Compute-in-Memory (CiM) Platforms

• Compute-in-Memory (CiM) platforms are architectures that merge storage and computation in the same substrate, reducing data movement and energy consumption.
• They leverage diverse device technologies like SRAM, DRAM, FeFET, RRAM, and PCM to enable both digital and analog operations for high-throughput, energy-efficient processing.
• Algorithm–hardware co-design in CiM systems enables native vector–matrix computations, optimizing performance in AI, combinatorial optimization, and scientific computing tasks.

Compute-in-Memory (CiM) Platforms

Compute-in-memory (CiM) platforms perform arithmetic and logic operations directly within memory arrays—eliminating or substantially reducing data movement between storage and processing units typical of von Neumann architectures.

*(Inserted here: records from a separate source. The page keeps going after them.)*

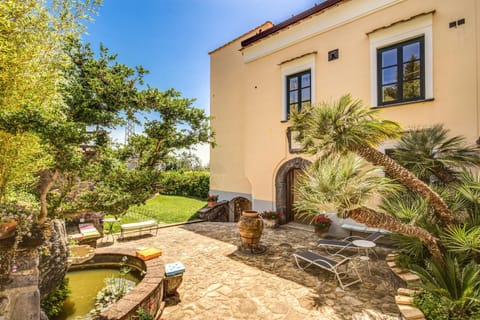 Patio, Facade/entrance, Garden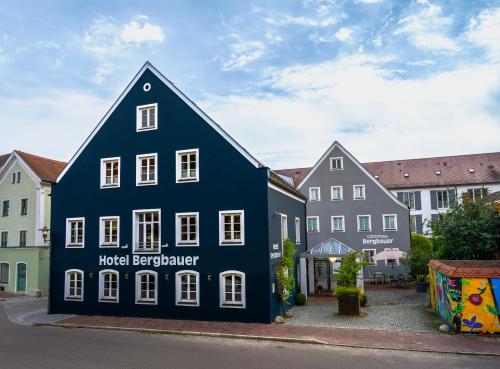 Hotel Bergbauer - Hôtel - Neubourg-sur-le-Danube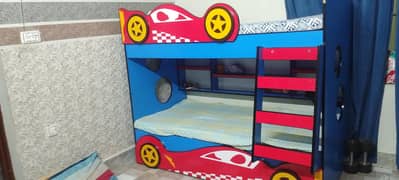 10/10 condition bankers with wardrobe and mattresses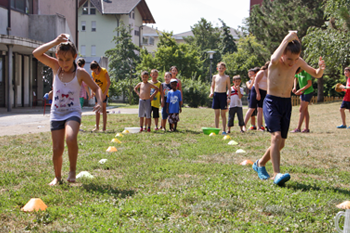 I bambini di Sportivando giocano alle colonie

By collapsing computation and storage into the same physical substrate, CiM systems aim to break the "memory wall," enabling high-throughput and energy-efficient acceleration of data-intensive workloads in artificial intelligence, combinatorial optimization, scientific computing, and edge inference (Qian et al., 19 Dec 2025, Thakuria et al., 2024, Zhao et al., 24 Feb 2025, Gao et al., 2019, Yoshioka et al., 2024).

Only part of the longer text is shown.